Anyway — A strong factor that allows the pkg-perl group to be successful in maintaining 1411 packages is the regularity of the task: Packaging Perl modules is usually as easy as running dh-make-perl on them (of course, not taking away the merit of packaging the few strange corner cases…

In Ruby-land, the landscape is quite different. The developer community is quite anchored in agile worldviews, which go beyond coding practices and all the way over to confronting the way most Free Software projects distribute their work. I have previously ranted presented informed and opinionated blog posts on this topic — Ruby culture dictates the distribution via Ruby Gems, which are for many reasons not Debian friendly. Besides Gems, most projects have adopted Git for development tracking and are hosted under Github — That's why I came up with Githubredir, which basically presents an uscan-friendly listing of tags for a given project.

But if you develop in Git, you might want to split a project in its constituent parts for easier organization, without meaning that each subproject should be an independent project by itself, right? After all, that's what Git submodules are for. That's what happened with a great PDF generating library for Ruby, Prawn.
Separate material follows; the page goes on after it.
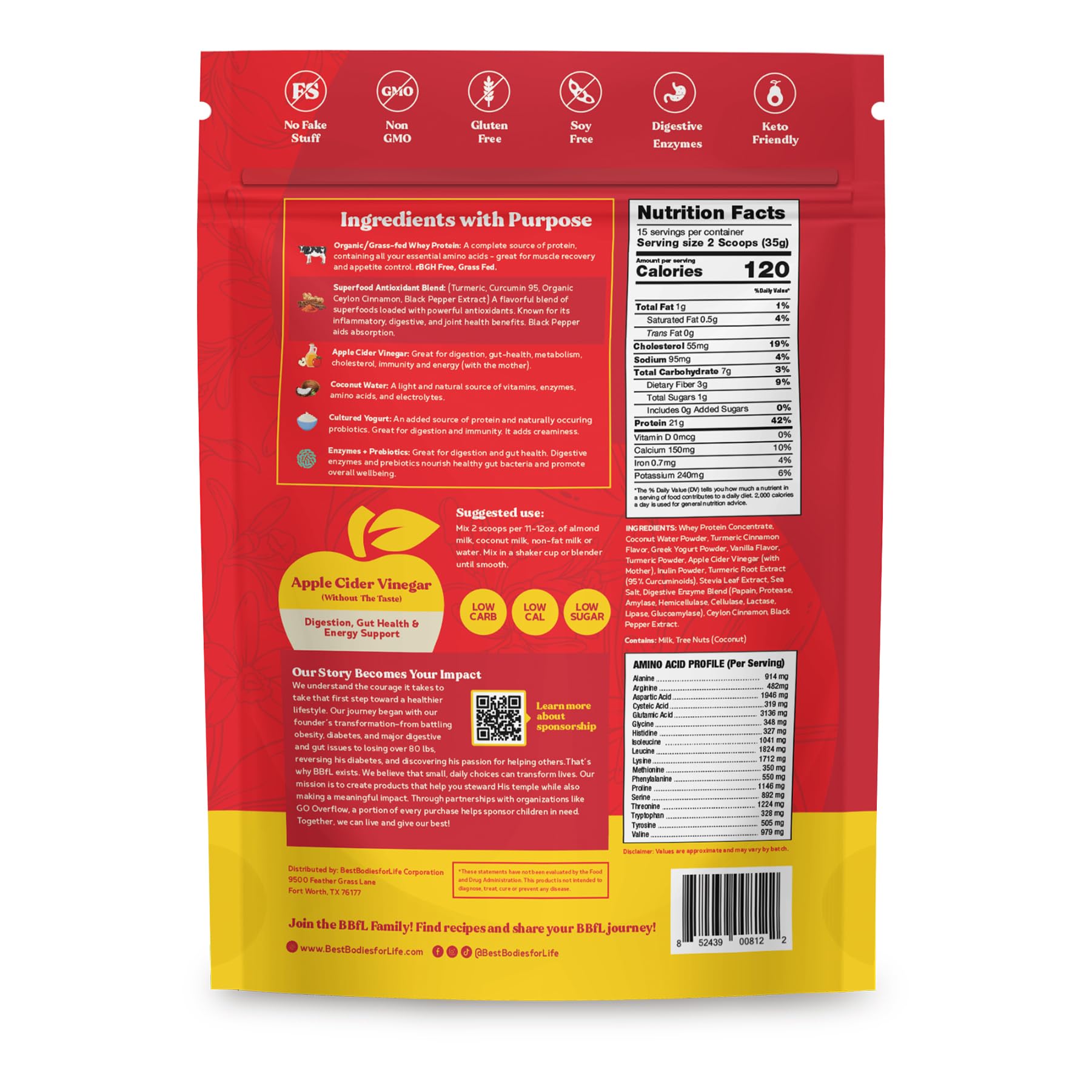 BBfL grass-fed whey product image emphasizes clean ingredients and quality protein.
Thing is, the three parts of the main project are required for the project to be built.

Anyway, that was a great reason to move the package over to the new dpkg 3.0 (quilt) source format. And, yes, it is a straightforward move! If you have not yet done so, take a look at Raphael Hertzog' explanation+FAQ wiki page. It just works, and makes many things way easier.

There are still some wrinkles in my packaging, like where I'm getting the orig tarballs from — As the submodules are not presently tagged in any way, I was only able to download a snapshot of their respective current master branches. This is suboptimal, I know, but I have talked to the upstream author, and he confirms that for the next major version (which should not be long in coming) the tags will be synchronized, and things will be even cleaner.

PS- I love Hpricot. To get the numbers for my QA page, I just had to get three dirty but useful arrays:

  1. require 'hpricot'
  2. require 'open-uri'
  3. url = ''
  4. doc = Hpricot(open(url))
  5. tot = ( (doc / 'table' )[1]/'tr').map { |row|
  6. (row%'td' % 'a').inner_html rescue nil}.select {|i| i}
  7. team = ( (doc / 'table' )[1]/'tr').map { |row|
  8. (row%'td' % 'span.uploader' % 'a').inner_html rescue nil}.
  9. select {|i| i}
  10. mine = ( (doc / 'table' )[1]/'tr').map { |row|
  11. (row%'td' % 'span:not(.uploader)' % 'a').inner_html rescue nil}.
  12. select {|i| i}

And work from the three very simple lists there — i.e. {|pkg| pkg =~ /lib.*perl/}.size gives me 177.

( categories: )
Tobias's picture

Hpricot alternative

If you love Hpricot, you might want to try Nokogiri (, a replacement based on the stable and well-tested code of libxml2 and libxslt1.1 :)

gwolf's picture

Briefly played with it...

I recently played briefly with Nokogiri on another spidering snippet I wrote recently... I ended up staying with Hpricot as it is... better known to me ;-) Thanks, I'll read a bit more on it.